Given records:
□ □ □
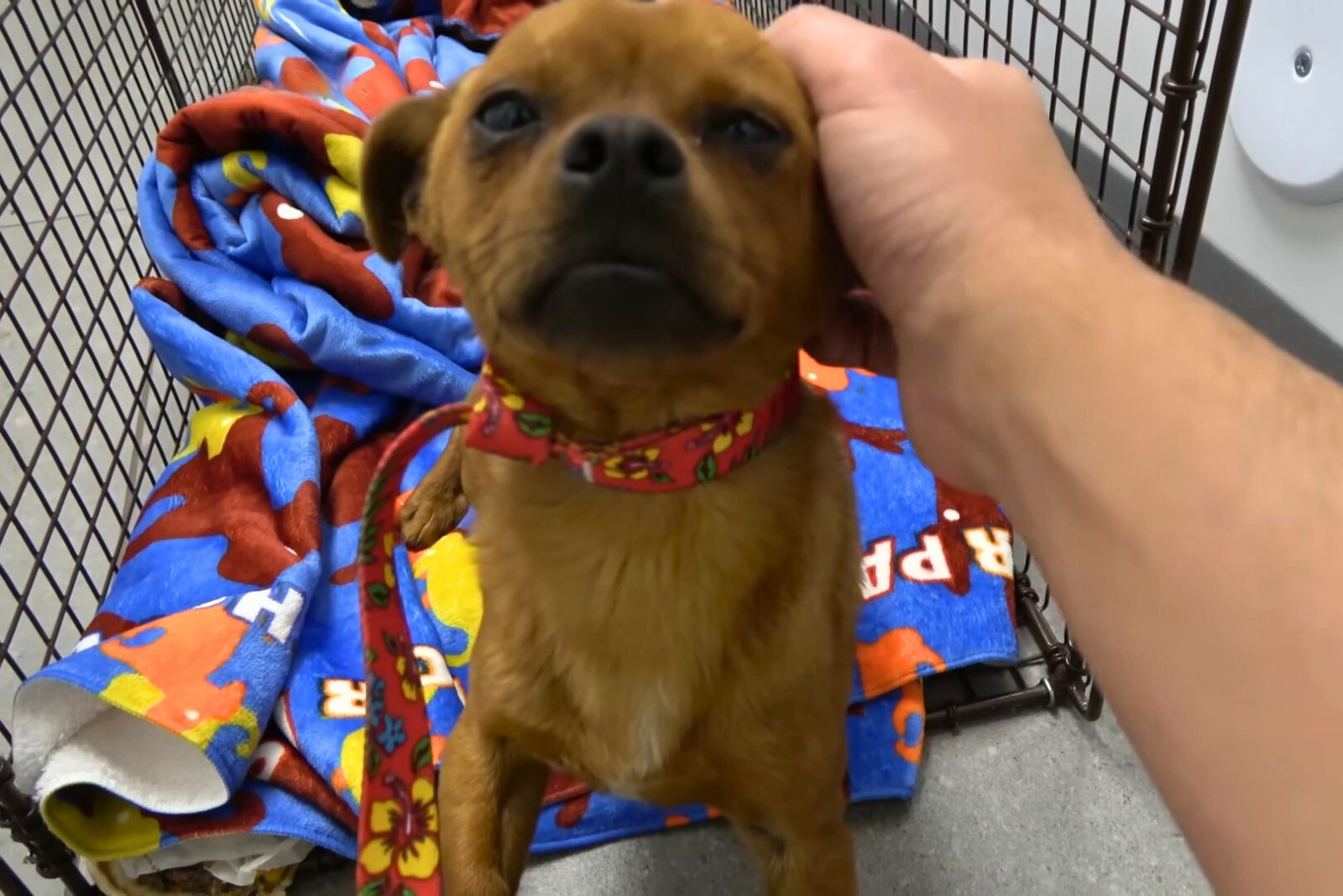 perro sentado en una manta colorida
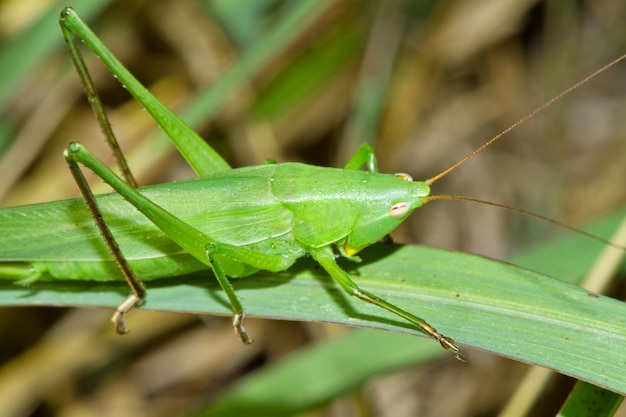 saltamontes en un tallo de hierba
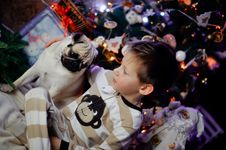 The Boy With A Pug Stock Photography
□ □ □
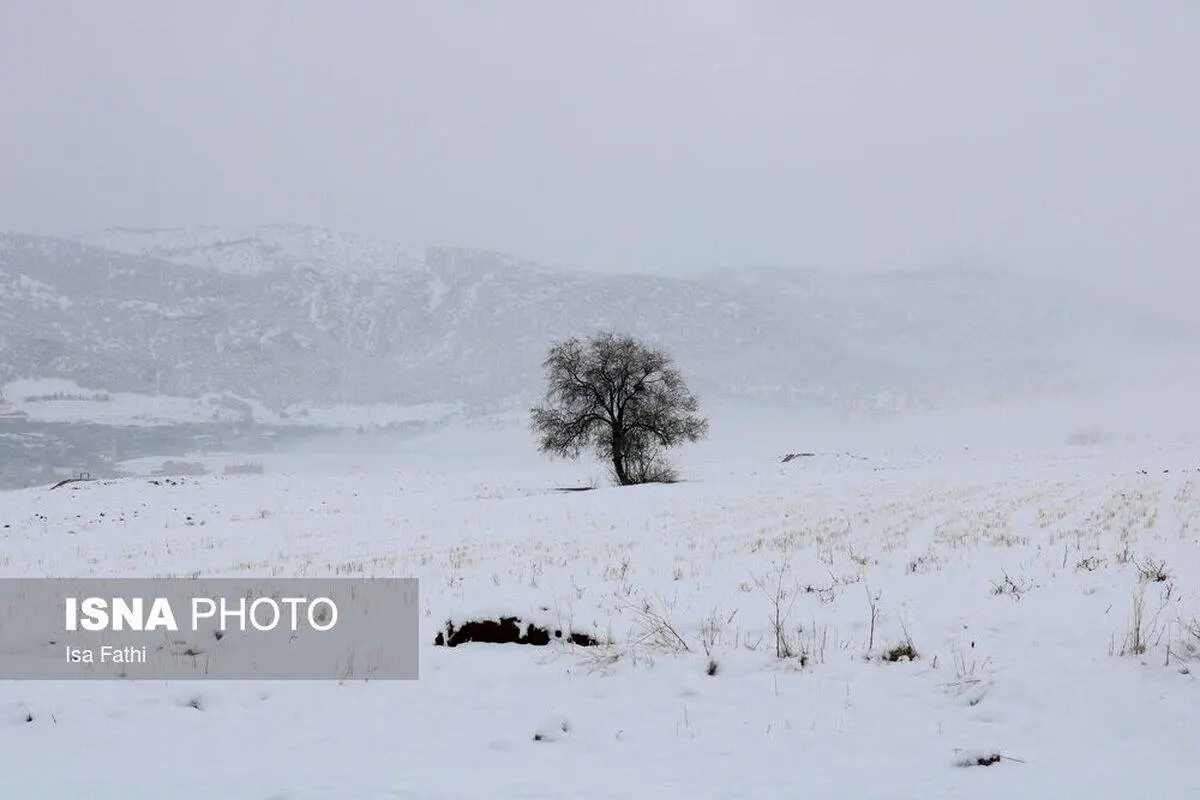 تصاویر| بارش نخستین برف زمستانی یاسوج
□ □ □
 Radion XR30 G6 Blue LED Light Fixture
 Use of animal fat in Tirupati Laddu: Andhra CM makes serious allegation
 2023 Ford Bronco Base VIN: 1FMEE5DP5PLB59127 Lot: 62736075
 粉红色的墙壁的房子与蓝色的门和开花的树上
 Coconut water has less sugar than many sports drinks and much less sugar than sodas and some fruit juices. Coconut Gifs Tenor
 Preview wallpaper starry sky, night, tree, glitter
□ □ □
Assigned task:
Print exactly the lines above that run from the one with "perro sentado en una manta colorida" to the one with "The Boy With A Pug Stock Photography", both included. No pictures.

Answer for this exercise:
 perro sentado en una manta colorida
 saltamontes en un tallo de hierba
 The Boy With A Pug Stock Photography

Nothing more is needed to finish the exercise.